Prompt:
Take the entries below and print, exactly, the stretch from the line containing "2-комн. квартира, 16 этаж, 65м², Шохмансур" through the line containing "The past of old enmity thumbnail", both included.

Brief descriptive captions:
--*--
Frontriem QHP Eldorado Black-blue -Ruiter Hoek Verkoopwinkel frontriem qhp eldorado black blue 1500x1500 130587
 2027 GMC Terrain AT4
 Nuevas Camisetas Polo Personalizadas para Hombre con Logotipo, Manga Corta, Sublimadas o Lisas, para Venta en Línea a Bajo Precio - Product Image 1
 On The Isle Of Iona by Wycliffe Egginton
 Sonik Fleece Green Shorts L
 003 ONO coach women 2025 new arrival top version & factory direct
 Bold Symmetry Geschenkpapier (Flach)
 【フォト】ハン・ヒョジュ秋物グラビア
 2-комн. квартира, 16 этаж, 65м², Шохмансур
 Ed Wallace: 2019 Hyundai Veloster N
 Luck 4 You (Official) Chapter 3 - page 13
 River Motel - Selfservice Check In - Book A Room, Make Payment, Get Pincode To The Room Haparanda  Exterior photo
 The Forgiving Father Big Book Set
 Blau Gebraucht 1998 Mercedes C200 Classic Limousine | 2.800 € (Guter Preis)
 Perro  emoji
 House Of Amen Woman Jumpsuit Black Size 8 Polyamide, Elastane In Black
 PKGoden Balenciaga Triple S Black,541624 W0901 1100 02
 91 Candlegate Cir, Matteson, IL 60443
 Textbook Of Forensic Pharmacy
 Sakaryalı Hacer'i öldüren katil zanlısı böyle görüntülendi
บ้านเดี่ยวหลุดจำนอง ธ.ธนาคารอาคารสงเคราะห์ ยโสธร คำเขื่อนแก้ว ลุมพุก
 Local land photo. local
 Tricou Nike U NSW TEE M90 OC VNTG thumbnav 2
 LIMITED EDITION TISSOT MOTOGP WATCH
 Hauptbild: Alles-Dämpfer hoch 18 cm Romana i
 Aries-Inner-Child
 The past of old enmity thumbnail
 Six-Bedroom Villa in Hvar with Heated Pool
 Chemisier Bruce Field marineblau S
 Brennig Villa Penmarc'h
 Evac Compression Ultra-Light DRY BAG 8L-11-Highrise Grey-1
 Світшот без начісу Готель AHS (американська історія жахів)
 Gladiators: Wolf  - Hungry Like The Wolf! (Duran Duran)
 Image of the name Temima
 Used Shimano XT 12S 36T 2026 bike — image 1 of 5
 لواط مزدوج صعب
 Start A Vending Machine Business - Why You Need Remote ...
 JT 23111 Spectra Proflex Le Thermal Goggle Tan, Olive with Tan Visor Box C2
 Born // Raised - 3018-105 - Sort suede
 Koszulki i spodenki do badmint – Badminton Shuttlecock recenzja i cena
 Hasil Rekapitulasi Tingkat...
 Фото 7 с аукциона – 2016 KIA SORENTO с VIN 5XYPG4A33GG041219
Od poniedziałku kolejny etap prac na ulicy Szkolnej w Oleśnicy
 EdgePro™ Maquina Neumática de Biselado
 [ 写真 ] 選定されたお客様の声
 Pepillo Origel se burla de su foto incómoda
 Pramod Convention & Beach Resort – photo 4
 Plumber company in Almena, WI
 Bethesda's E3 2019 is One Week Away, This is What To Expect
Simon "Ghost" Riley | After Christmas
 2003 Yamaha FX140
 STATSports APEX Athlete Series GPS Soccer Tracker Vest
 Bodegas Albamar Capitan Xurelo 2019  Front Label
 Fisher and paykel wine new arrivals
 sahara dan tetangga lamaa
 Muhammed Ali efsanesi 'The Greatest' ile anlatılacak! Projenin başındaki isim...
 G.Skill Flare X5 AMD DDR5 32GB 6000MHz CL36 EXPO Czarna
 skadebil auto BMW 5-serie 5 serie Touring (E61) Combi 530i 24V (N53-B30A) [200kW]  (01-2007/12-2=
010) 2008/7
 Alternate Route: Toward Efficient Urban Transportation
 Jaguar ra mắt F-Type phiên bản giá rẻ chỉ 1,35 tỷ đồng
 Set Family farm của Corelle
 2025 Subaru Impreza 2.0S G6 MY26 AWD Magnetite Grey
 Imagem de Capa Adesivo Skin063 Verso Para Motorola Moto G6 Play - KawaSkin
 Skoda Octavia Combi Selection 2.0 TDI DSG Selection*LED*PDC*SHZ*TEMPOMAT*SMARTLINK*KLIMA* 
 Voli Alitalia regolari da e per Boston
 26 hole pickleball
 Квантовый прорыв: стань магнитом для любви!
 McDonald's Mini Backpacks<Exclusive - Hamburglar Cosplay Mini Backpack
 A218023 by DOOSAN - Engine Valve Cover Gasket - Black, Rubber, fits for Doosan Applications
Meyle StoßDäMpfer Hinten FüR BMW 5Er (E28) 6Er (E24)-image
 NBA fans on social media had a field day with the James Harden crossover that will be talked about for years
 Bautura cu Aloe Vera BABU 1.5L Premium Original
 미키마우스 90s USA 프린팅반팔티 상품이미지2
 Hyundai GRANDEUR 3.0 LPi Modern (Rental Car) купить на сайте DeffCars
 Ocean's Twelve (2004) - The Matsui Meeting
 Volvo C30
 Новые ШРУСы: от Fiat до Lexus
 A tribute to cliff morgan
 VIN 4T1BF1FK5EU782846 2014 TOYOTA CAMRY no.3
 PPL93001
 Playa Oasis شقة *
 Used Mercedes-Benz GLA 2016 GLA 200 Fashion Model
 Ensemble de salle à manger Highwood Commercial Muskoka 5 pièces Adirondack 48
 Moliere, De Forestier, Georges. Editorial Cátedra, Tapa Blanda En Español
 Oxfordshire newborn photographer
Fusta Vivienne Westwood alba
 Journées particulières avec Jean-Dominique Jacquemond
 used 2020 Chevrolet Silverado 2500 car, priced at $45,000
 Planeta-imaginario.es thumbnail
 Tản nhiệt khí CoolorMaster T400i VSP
--*--
Written answer:
 2-комн. квартира, 16 этаж, 65м², Шохмансур
 Ed Wallace: 2019 Hyundai Veloster N
 Luck 4 You (Official) Chapter 3 - page 13
 River Motel - Selfservice Check In - Book A Room, Make Payment, Get Pincode To The Room Haparanda  Exterior photo
 The Forgiving Father Big Book Set
 Blau Gebraucht 1998 Mercedes C200 Classic Limousine | 2.800 € (Guter Preis)
 Perro  emoji
 House Of Amen Woman Jumpsuit Black Size 8 Polyamide, Elastane In Black
 PKGoden Balenciaga Triple S Black,541624 W0901 1100 02
 91 Candlegate Cir, Matteson, IL 60443
 Textbook Of Forensic Pharmacy
 Sakaryalı Hacer'i öldüren katil zanlısı böyle görüntülendi
บ้านเดี่ยวหลุดจำนอง ธ.ธนาคารอาคารสงเคราะห์ ยโสธร คำเขื่อนแก้ว ลุมพุก
 Local land photo. local
 Tricou Nike U NSW TEE M90 OC VNTG thumbnav 2
 LIMITED EDITION TISSOT MOTOGP WATCH
 Hauptbild: Alles-Dämpfer hoch 18 cm Romana i
 Aries-Inner-Child
 The past of old enmity thumbnail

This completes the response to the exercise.